_Work instructions_.
The entries below need to be transcribed exactly, without their images.

Items from a data source:
↓↓↓

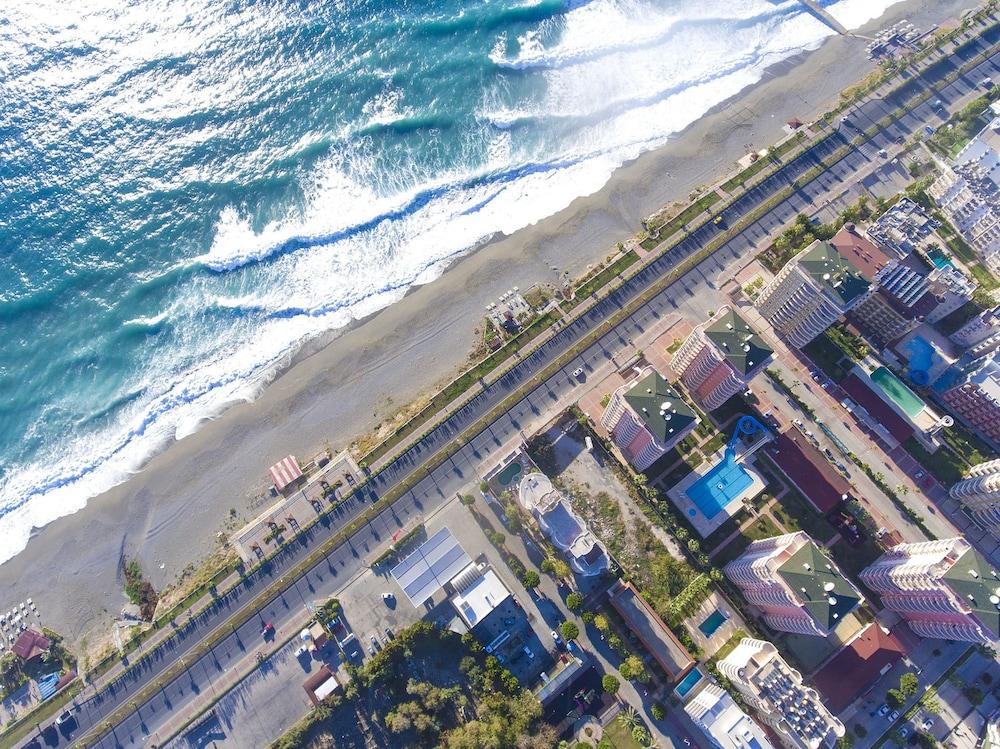 MILANO BEACH FAMILY HOTEL — ALANYA — fotografie hotel nr. 30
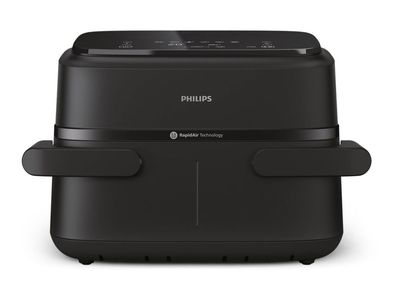 Philips 1000 series , Kuumakiertoilmakypsennin, 7 L, 1,2 kg, Rapid Air, 40 °C, 200 °C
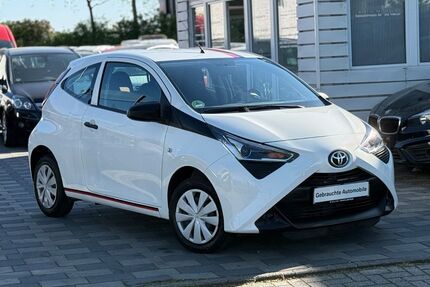 Toyota Aygo (X) Gebrauchtwagen
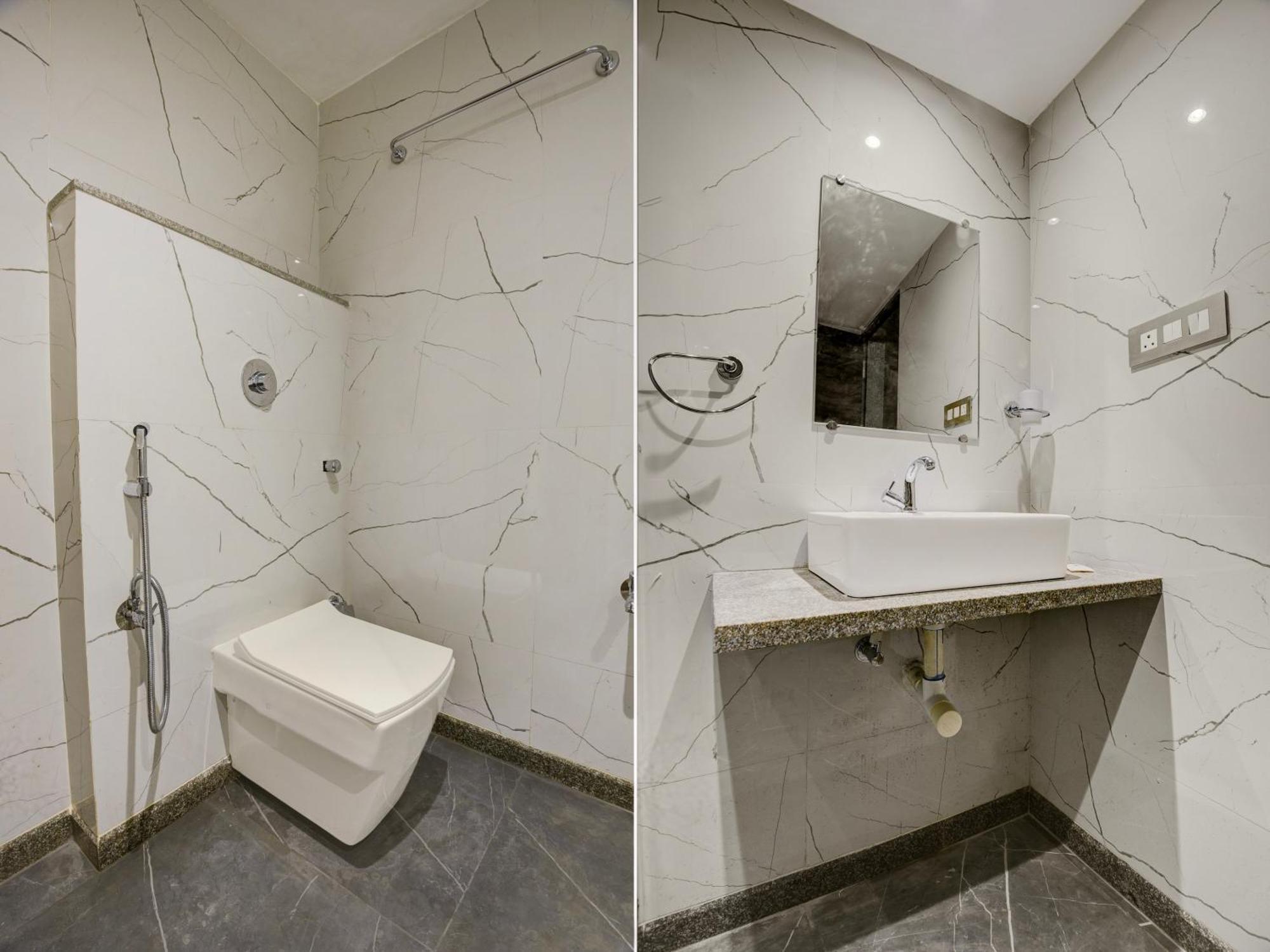 Townhouse Madgaon Ξενοδοχείο Raia Εξωτερικό φωτογραφία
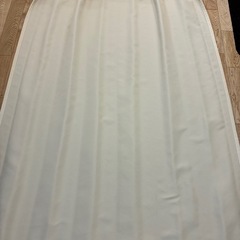  遮光2級ドレープカーテン、レースカーテンまとめ売り♪100cm×205cmの画像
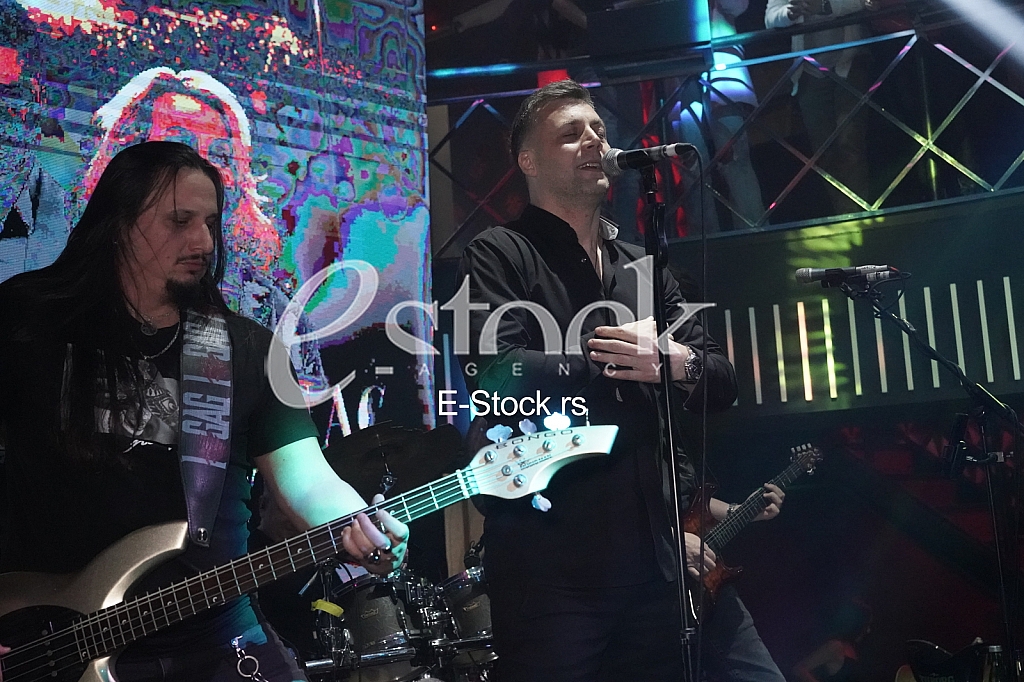 Legsinkton bend nastup Legsinkton bend nastup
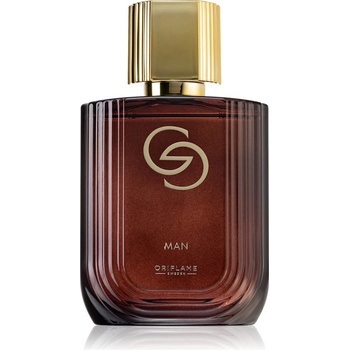 Oriflame Giordani Gold Man parfémovaná voda pánská 75 ml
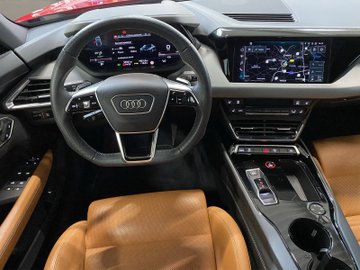 e-tron GT quattro ACC AUT Kam. Leder Navi Pano – Bild 16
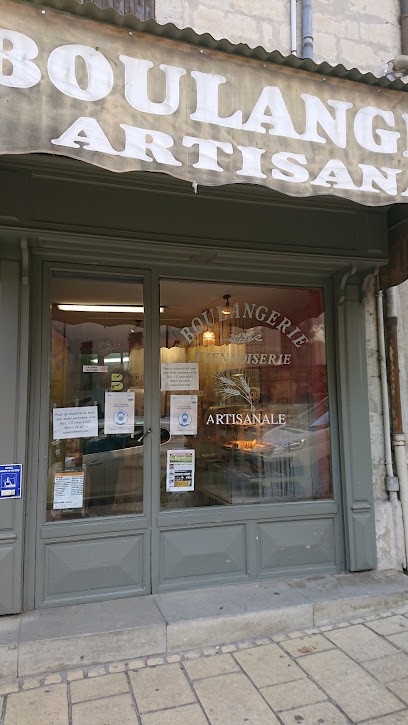 Delpied Didier, Boulangerie à Uzès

↑↑↑

_Answer space_.
 MILANO BEACH FAMILY HOTEL — ALANYA — fotografie hotel nr. 30
 Philips 1000 series , Kuumakiertoilmakypsennin, 7 L, 1,2 kg, Rapid Air, 40 °C, 200 °C
 Toyota Aygo (X) Gebrauchtwagen
 Townhouse Madgaon Ξενοδοχείο Raia Εξωτερικό φωτογραφία
  遮光2級ドレープカーテン、レースカーテンまとめ売り♪100cm×205cmの画像
 Legsinkton bend nastup Legsinkton bend nastup
 Oriflame Giordani Gold Man parfémovaná voda pánská 75 ml
 e-tron GT quattro ACC AUT Kam. Leder Navi Pano – Bild 16
 Delpied Didier, Boulangerie à Uzès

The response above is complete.